Search engines provide the compass to the Web traveler. Either by going through a series of narrower and narrower categories, or by just typing in a keyword.
The search engine then looks through its database of registered URLs and returns to the user a listing of what it found that lines up with the keywords entered.
Right now most search engines depend on the use of a Web browser such as Netscape Navigator: You go to the site of the search engine, enter your query, and in a moment or two, the browser displays a set of pages that match your request.
Now, using a custom control such as the Sax Webster control described in Chapter 4, "Using Custom Controls for WWW Programming," you can put this search engine on the user's desktop.

Designing the Application
There are a few basic capabilities you'll want this search engine to have:
Allow the user to specify base URLs to be searched, place these base URLs in a list box, and make sure that any pages linked to these root URLs are searched also.
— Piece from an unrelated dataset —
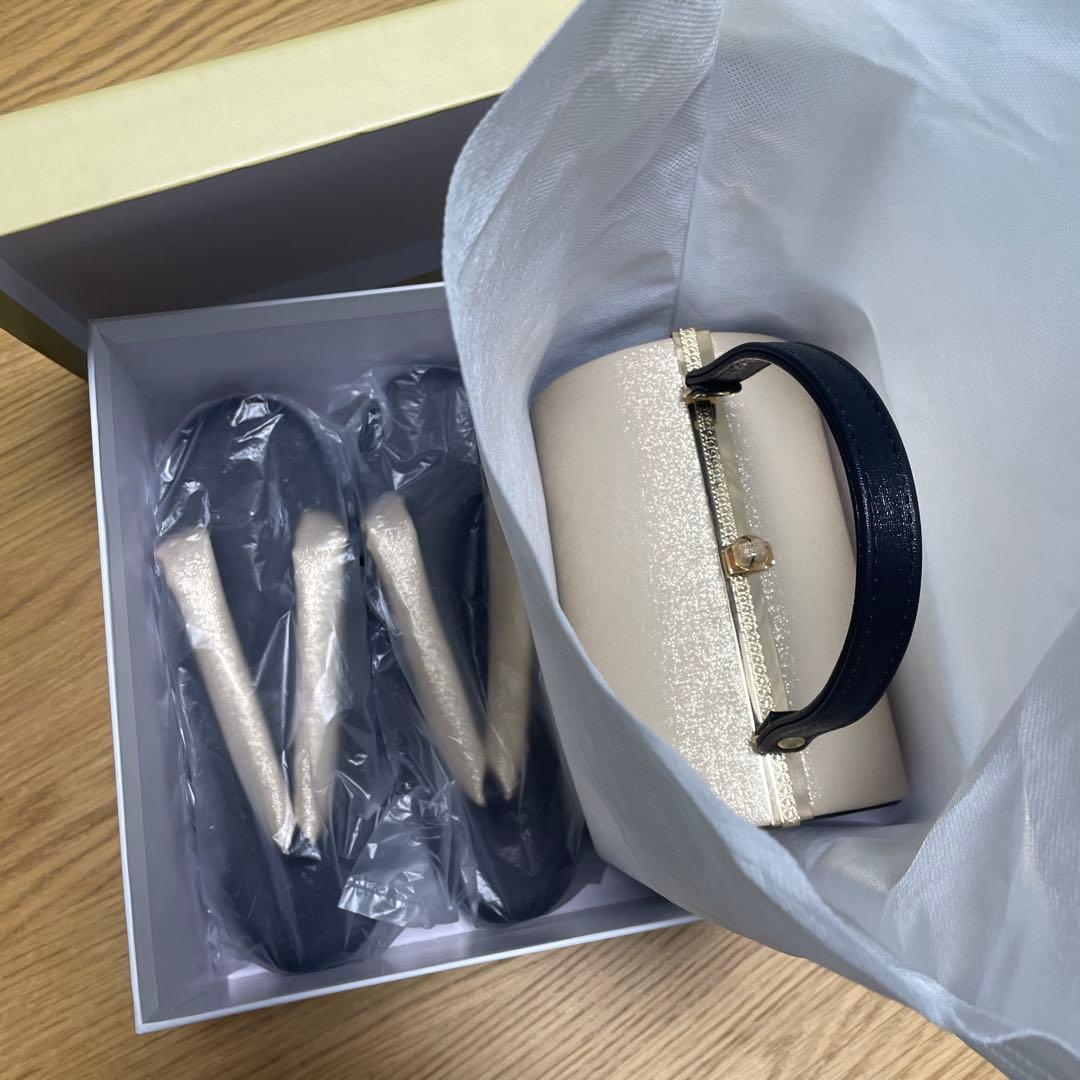 新品未使用　草履バッグセット　厚底　3枚芯 黒ゴールド　フリーサイズ　振袖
Show the pages in a Webster control as they're received. The Webster control is used because it provides a GetLinkURL method, which allows you to iterate through an array containing the URLs of all of the hypertext links on a specified page.
http://www.microsoft.com/kb/peropsys/win95/q138789.htm
http: //www.microsoft.com/kb/peropsys/win95/q153038.htm
--------------------------------------------------------------------------------
For some reason the Webster control seems to have trouble communicating over certain dial-up TCP/IP stacks, including the stack included with Internet in a Box. If at all possible, use the Microsoft TCP/IP stack that ships with Windows 95. It is very easy to configure the Dial-Up Networking feature of Windows 95 to work with just about any Internet service provider. There are two Microsoft Knowledge Base articles available at the Microsoft Web site that explain how to do this. Point your browser to
http://www.microsoft.com/kb/peropsys/win95/q138789.htm and http://www.microsoft.com/kb/peropsys/win95/q153038.htm
to view these articles.
--------------------------------------------------------------------------------
Show any hypertext links found on the base pages in a listbox, using the aforementioned GetLinkURL method.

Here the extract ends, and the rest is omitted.